European diplomats drew a line in the sand this month, telling U.S. officials their bullying tactics wouldn’t help marshal support for President Donald Trump’s Iran policy.

The firm response came in a conference call in early January when a senior State Department official threatened European car makers would be hit with tariffs unless the European Union backed Trump’s hard line. Diplomats from Germany, France and the U.K. said that such tactics were completely unacceptable and would not help the president achieve his goals, according to U.S. and European officials familiar with the exchange.

The State Department team was struck by the firmness of the European line and passed their message on to the White House and officials from both sides noted the the U.S. administration dialed back the pressure on its European allies in the days that followed.

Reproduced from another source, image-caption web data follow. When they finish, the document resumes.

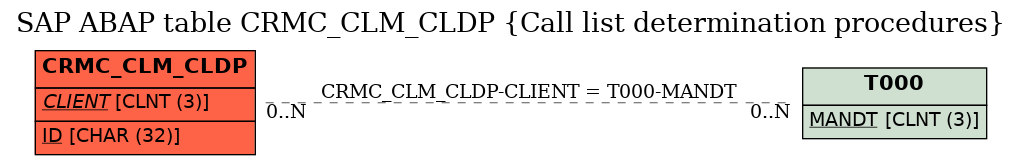 E-R Diagram for table CRMC_CLM_CLDP (Call list determination procedures)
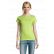 TEE-SHIRT IMPERIAL FEMME 11502 COL ROND - SOLS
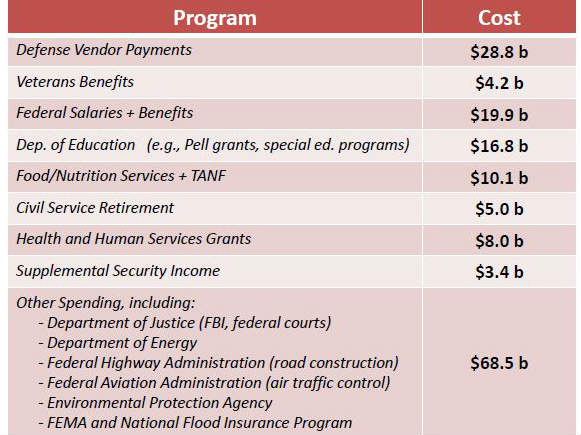 then you can’t fund these programs, worth $175 billion.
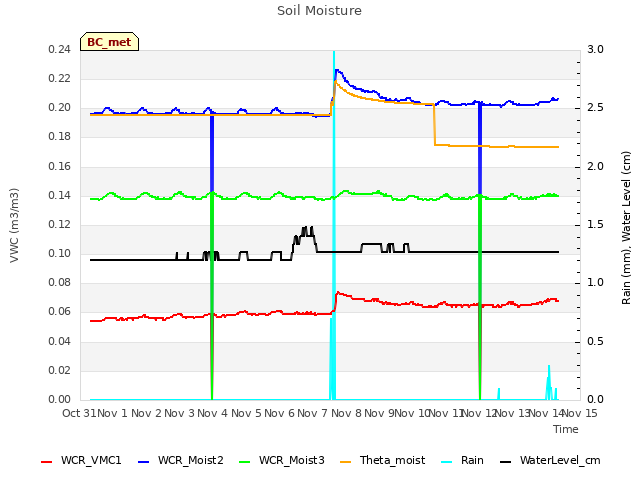 plot of Soil Moisture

Brian Hook, the U.S.’s special representative for Iran, declined to comment when asked about the call. A spokesman for the White House wasn’t immediately available to comment.

The episode suggests a growing resolve among European officials to stand their ground as Trump looks to use trade policy to advance a widening range of U.S. geopolitical goals—and it also shows their ability to pull together may survive the U.K.’s exit from the EU on Friday night.

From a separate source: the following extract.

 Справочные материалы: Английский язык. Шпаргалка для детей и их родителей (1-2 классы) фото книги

Trump has been turning up the heat on Europe over a range of issues that also include relations with China and Russia. The president returned to the offensive later in the month when he targeted the EU for some of his harshest criticism at the World Economic Forum in Davos, Switzerland.

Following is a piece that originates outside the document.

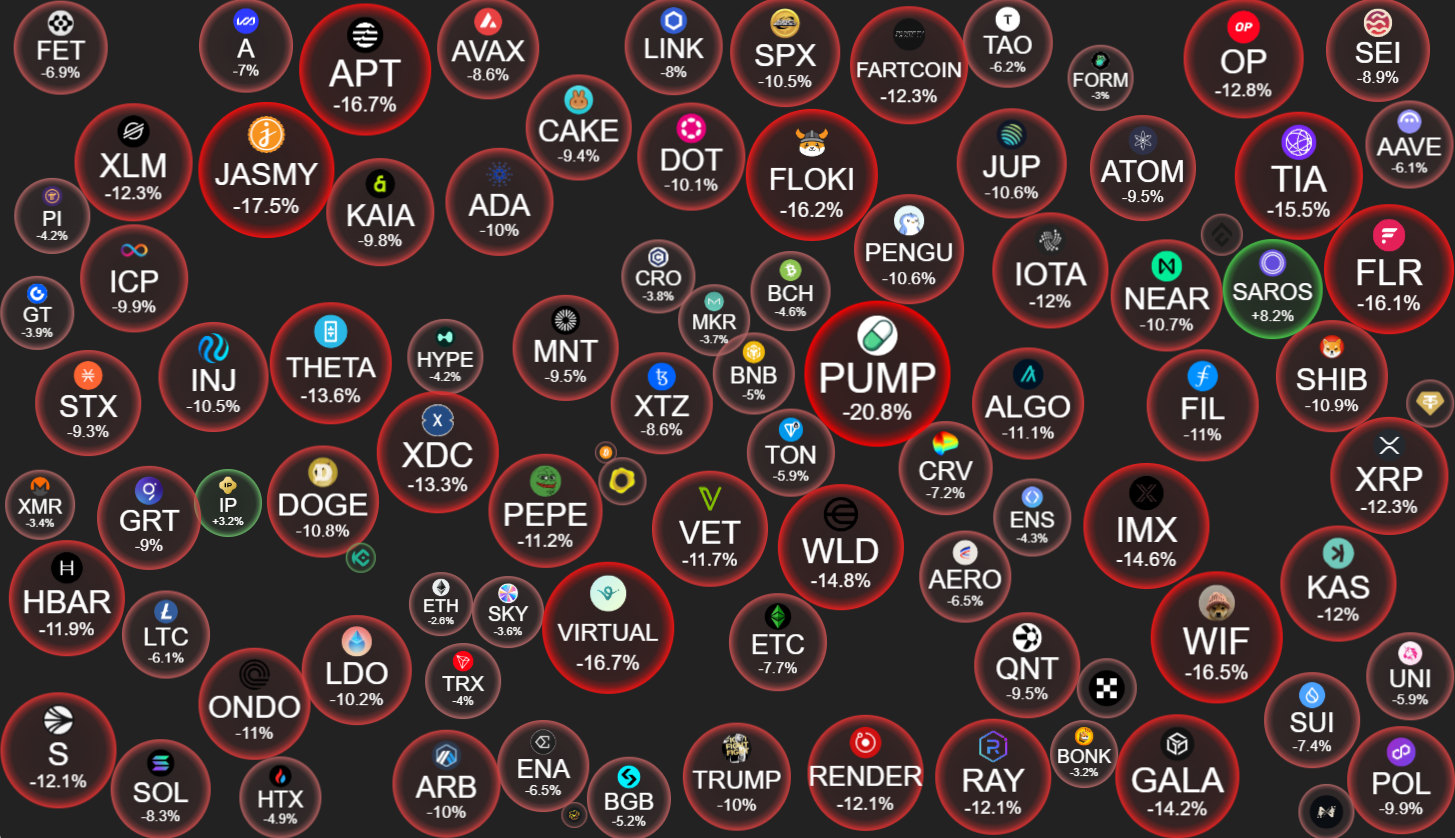 Altcoin-prisprestanda den 24 juli. Källa: CryptoBubbles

“They have trade barriers where you can’t trade, they have tariffs all over the place, they make it impossible,” Trump said a week later at the World Economic Forum in Davos, Switzerland. “They are frankly more difficult to do business with than China.”

The video conference around Jan. 8, first reported by the Washington Post, was led on the U.S. side by David Hale, the undersecretary for political affairs at the State Department, while the Europeans on the call were ambassadors, one of the officials said. By then European policy makers had already been planning for weeks to start formal action against Iran over its uranium enrichment violations.

A foreign ministry spokesman in Berlin declined to comment. His counterparts in London and Paris didn’t immediately reply to a request for comment.

EU-3 plans for a measured increase in pressure against Tehran were upended when the U.S. killed a top Iranian general in a drone attack at the start of January. That brought the two sides to the brink of war as Iran threaten widespread retaliation against U.S. targets.

The Europeans eventually triggered the dispute resolution of the Iran Nuclear Accord on Jan. 14, around a week after their clash with Hale. EU officials have insisted their decision was designed to force Iran to return to compliance with the accord, whereas Trump has called for the deal to be scrapped.

At the time of the drone strike, U.S. Secretary of State Michael Pompeo said EU allies weren’t “as helpful as I wish that they could be” in supporting the strike. EU officials, in turn, have blasted the American strategy of maximum pressure against Iran, with sanctions that have crippled the Iranian economy, as aimlessly aggressive and lacking a strategic objective.